Monday, October 29, 2007

Please, no tax cuts. We mean it.

This morning's Canberra Times outlines the results of its exculsive Eden Monaro poll:

"An overwhelming number of voters would prefer money spent on health and education than tax cuts, according to an exclusive Canberra Times poll.

Almost nine out of 10 voters surveyed in the marginal seat of Eden-Monaro would have preferred the budget largesse directed to hospitals, schools and such services, suggesting the Coalition and Labor have miscued their election strategies by promising more than $30billion in tax cuts.

The results held true for both Labor and conservative voters, with 88 per cent of all those polled in favour of health and education spending, 10 per cent preferring tax cuts and only 2 per cent undecided. Coalition voters wanted spending on services instead of tax cuts by a ratio of 4:1. "

My comment:

You’re kidding me! Nine out of ten voters don’t want tax cuts?

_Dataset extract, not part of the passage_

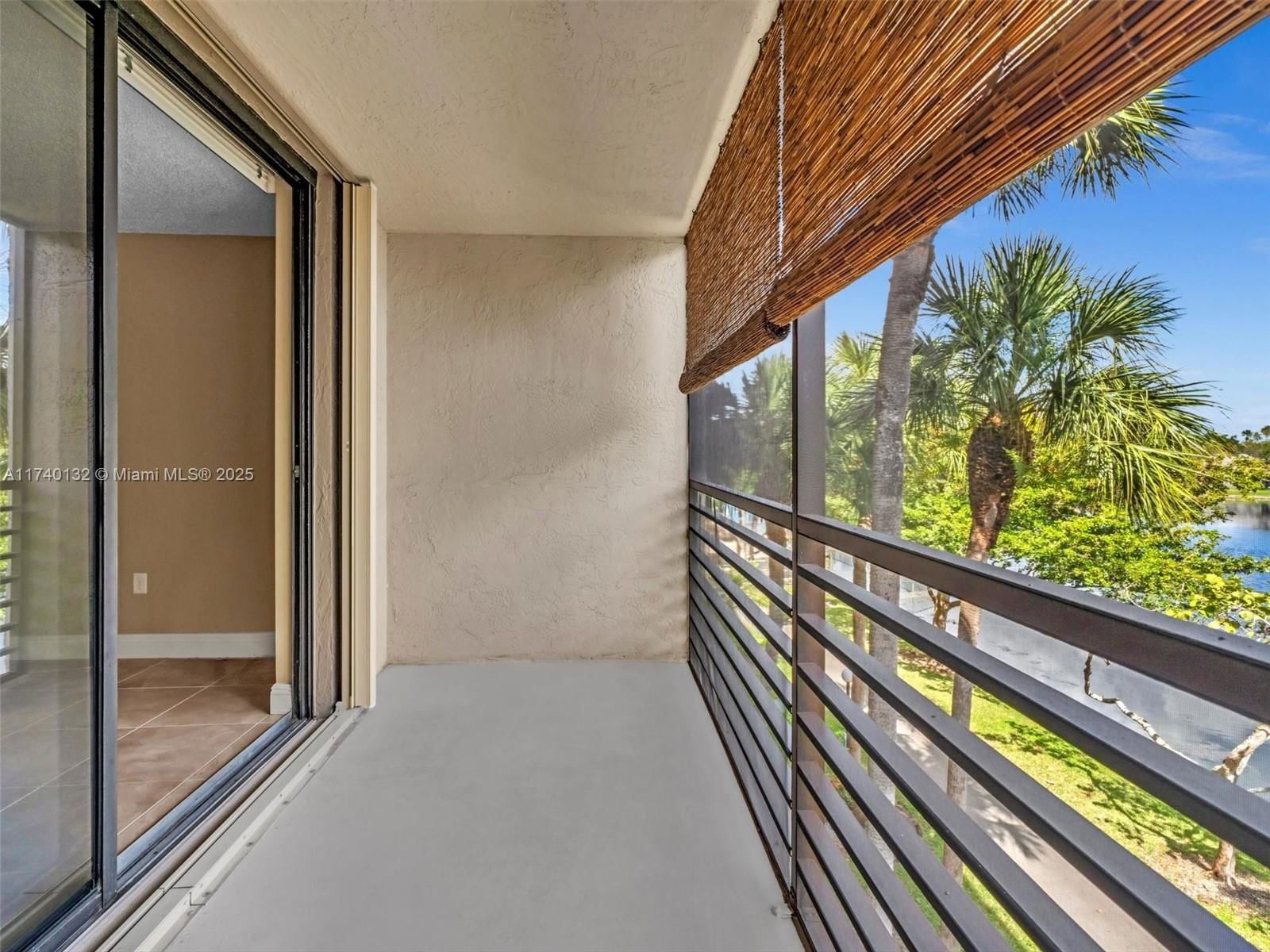 Real estate property located at 901 Colony Point Cir #310, Broward, Colony Point 6 Condo, Pembroke Pines, FL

That’s the usual response to poll findings of this kind (and they are becoming increasingly common).

The politicians clearly don’t feel comfortable with them.

The offer tax cuts regardless, perhaps too scared to test whether people really mean what they say by actually directing their election money to hospitals and schools rather than tax cuts.

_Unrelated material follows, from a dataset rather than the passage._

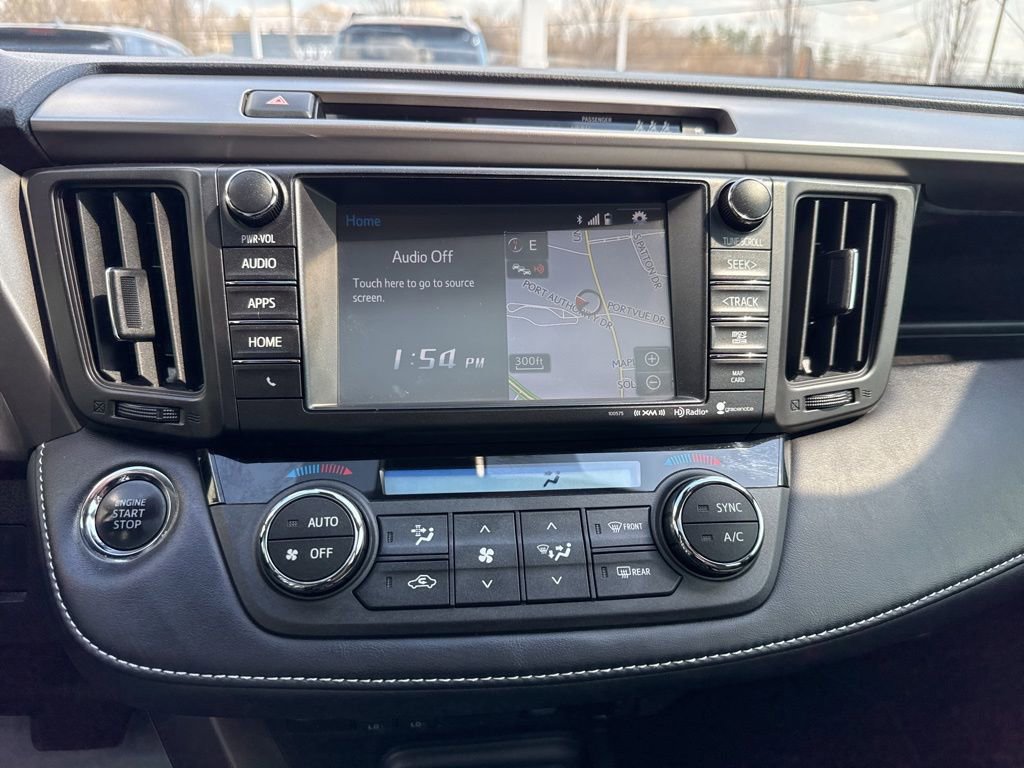 Used 2018 Toyota RAV4 Limited FWD image 10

Even pollsters don’t feel comfortable with their findings...

When Newspoll found in the lead up to the last election that voters preferred spending on health and education to tax cuts by a very wide margin its then head Sol Lebovic suggesting that voters might be giving his interviewers “socially acceptable” answers rather than the truth.

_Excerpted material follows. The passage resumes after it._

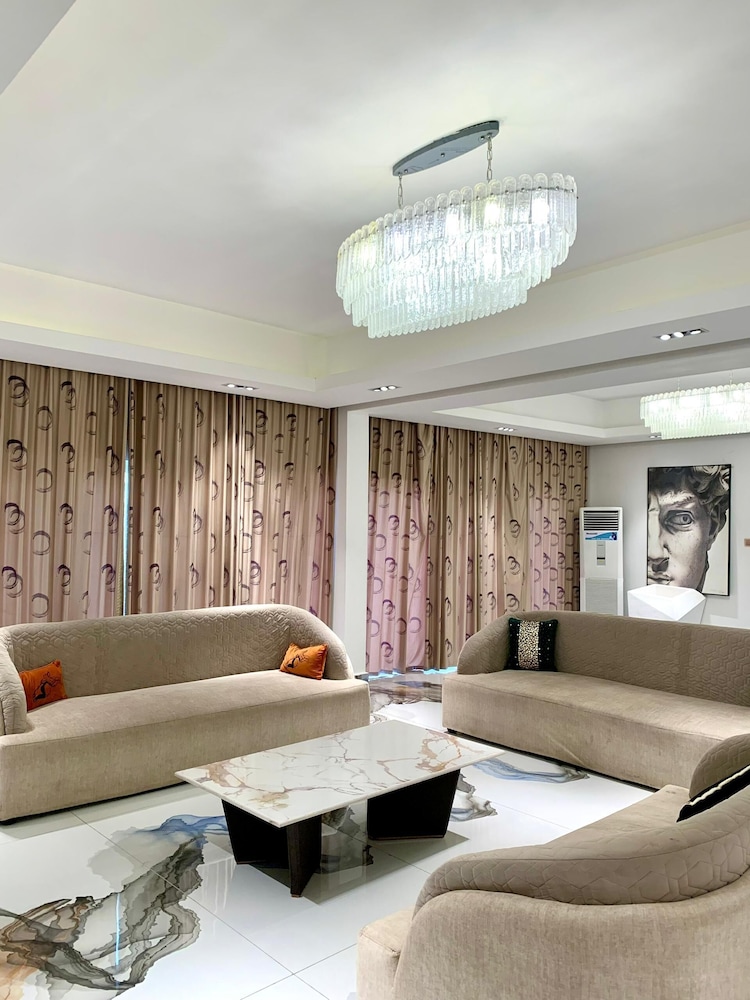 Sujimoto Residences Precious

But people do usually tell the truth to interviewers (except when asked about their alcohol consumption) and the arguments put forward to suggest that they are not telling the truth this time don’t stack up.

One is that when asked in isolation whether taxes are too high most people say yes. It is an answer that only appears to be inconsistent with a desire to spend money on health and education rather than tax cuts. But there is really no inconsistency. It is quite possible to think that tax rates are high while also believing that there are more important priorities than cutting those rates.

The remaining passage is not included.